Of all 6 of us, None married, and each has had a brush with his own fragility and mortality in the last few years. One fell on his head from 22' in the air and spent a year in the hospital system recovering learning how to walk again, speak again, and through the help of his friends learning who he was and what he did with his life. Another fell off a ladder landed on his hands and broke both his wrists and had them screwed back together. The third had his appendix burst and died on the operating table. The fourth thought he had the flu, and at his mothers insistence went into the hospital and found out he not only was diabetic but that he needed a quadruple bi pass surgery. I have a metal hip and recently had root canal on one of my teeth. We sat and compared scars, spoke of life, spoke of former girlfriends and wondered if we shouldn't have let the One that stands out get away. We reflected on our history both together and apart. We laughed some, we compared information we had collected. The one with the brain damage kept saying "I Just remembered that!" so we all added pieces to the puzzle he's trying to assemble but for the rest of it there was a sense of resignation to our lives...that we had not done what he had planned but we had used our lives to survive life, to acquire skills, to leave some small mark that we had been here. I cannot answer for the others, but this helped me. When I speak to those I know that did fofill their lives plan, they have regrets-wishing they could live a life of not doing "the Job" but to spend it as a creating individual. When speaking to those who attempted life with a mate if not once or twice but multiple times, they have regrets wishing they had either not bothered or had tried with another. We tell the old stories, we talk of the future, we sigh concerning our present, and compare scars.
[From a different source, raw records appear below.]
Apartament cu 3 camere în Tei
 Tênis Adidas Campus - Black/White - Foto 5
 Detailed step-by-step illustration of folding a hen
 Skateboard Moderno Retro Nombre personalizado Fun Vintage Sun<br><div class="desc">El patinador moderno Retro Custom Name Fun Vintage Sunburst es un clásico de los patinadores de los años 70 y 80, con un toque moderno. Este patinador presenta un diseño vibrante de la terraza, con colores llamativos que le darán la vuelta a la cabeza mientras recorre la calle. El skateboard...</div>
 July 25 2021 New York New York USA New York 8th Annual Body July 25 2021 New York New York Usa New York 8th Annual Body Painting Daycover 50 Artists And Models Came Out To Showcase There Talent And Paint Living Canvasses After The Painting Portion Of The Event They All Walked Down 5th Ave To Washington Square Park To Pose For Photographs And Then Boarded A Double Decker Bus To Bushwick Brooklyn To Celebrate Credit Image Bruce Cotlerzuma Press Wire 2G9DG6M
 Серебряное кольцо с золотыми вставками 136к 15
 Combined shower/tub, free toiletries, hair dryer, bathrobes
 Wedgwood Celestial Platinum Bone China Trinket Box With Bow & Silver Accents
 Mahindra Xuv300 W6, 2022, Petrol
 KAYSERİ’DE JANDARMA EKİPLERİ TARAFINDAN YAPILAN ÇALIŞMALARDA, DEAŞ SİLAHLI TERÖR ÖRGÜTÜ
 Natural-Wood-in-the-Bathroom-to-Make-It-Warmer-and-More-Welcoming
My Father's cousin, almost a brother to him, and a second father to me, found out while I was there that he was sicker then he originally thought. He, his parents and his wife and children were and are "Family" to me. They were more then blood that one saw occasionally at family reunions, they were my ballast, my life line to reality during my school career. I would spend holidays with them, attend extended family functions as one of them...eating a meal, doing the family thing and then dashing back to my books and art materials. He thought he had a bad case of bronchitis, come to find out he has inoperable lung cancer caused by his contact with asbestos during his career as a welder at one of the lynch pin employers in Barberton. His family is devastated by this news as am I. However I see this is how it ends. My friends and I will gather together again, and sometime in the future it will be to bury one of our own. and we will continue to gather around the fire to pass the bottle, to tell the stories and compare our scars as we enjoy what we were, what we wanted to be, what we actually became and how we will end up. I guess this is why we are put here, to make these connections, to influence and take part in each others lives, to huddle together for warmth and triangulation on our positions in our lives and then to be missed when we are no longer on this side of the curtain.